As mentioned last week, there’s a Sci Fi symposium this Thursday. You can find the details here.  Anyone who goes and writes a 500 word reflection explaining how the content of a panel discussion might shed light on the similarities between sci fi and Gothic literature is eligible for extra credit.

Please bring the texts you are working with for this final paper, as well as the latest version of your draft, to tomorrow’s class. Thank you!

best,

Professor Kwong

Beloved 256 – 324 Page 295

“Sethe no longer combed her hair or splashed her face with water. She sat in the chair licking her lips like a chastised child while Beloved ate up her life, took it, swelled up with it, grew taller on it…. Sethe was trying to make up for the handsaw; Beloved was making her pay for it. Yet she knew Sethe’s greatest fear was the same one Denver had in the beginning- that Beloved might leave”.

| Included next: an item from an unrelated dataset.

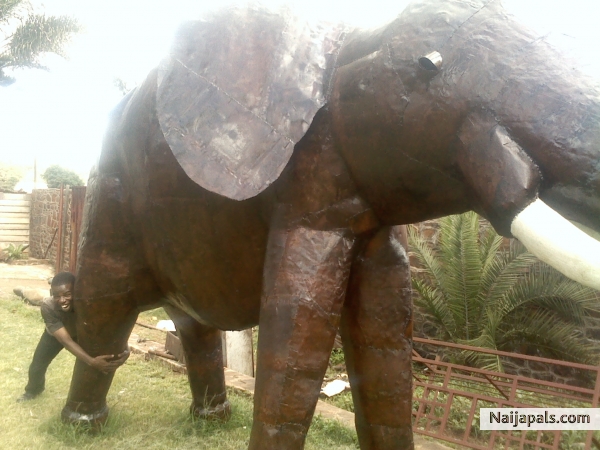 elephant jump start - click for next photo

In these lines we see how Sethe belittled herself and as the result, her self importance diminished to absolutely nothing. In previous lines, it was said to love yourself, your hands, neck etc… As the novel proceeded and Beloved was introduced, Sethe’s obsession has shifted to the figure that of her dead daughter. As Sethe depreciated, Beloved grew and matured due to Sethe’s non-existence. This painted a portrait in my mind of Beloved tall and youthful, shining brighter than anyone. While, Sethe is old and worn out and is looking up to her daughter Beloved that is reborn into something greater. Beloved was portrayed as sucking the life out of Sethe the longer she was around. Sethe felt the need to explain the reason why she killed her daughter over and over again, not to prove to Beloved but to prove to herself. That is a guilt that she never really overcame as she escaped to her freedom. As we saw, she was angry at Baby Suggs for trying to live her life as she prepared a feast. The theory behind why she was mad was because she never really labeled herself as “freed”. In these chapters, we saw Sethe holding onto Beloved tighter than ever and she has let go of Denver because 3 is an odd number and one would always be left out. Sethe has let go of her self worth, her future; as she was fired from her job. She needed to prove that she was never letting go of Beloved ever again.

Beloved 180-256

“Not at Sweet home, my niggers is men every one of em. Bought em thataway, raised em that way. Men every one”

Paul D remembers when Mr Garner would say this about his slaves. Mr Garner treated the slaves at Sweet Home with respect and trust. He even allowed them to work for extra money and use a gun. Most importantly he taught them how to read all things that a regular or free “man” were given. Other slave owners did not grant their slaves such privileges and so Mr Garner regarded himself as a God sent.  This all went away after Mr Garner dies and so the author reminds us that even though Mr Garner treated his slaves differently they were still slaves, tied to the white man’s good will. Regardless of man or woman they were lacking free will and determination.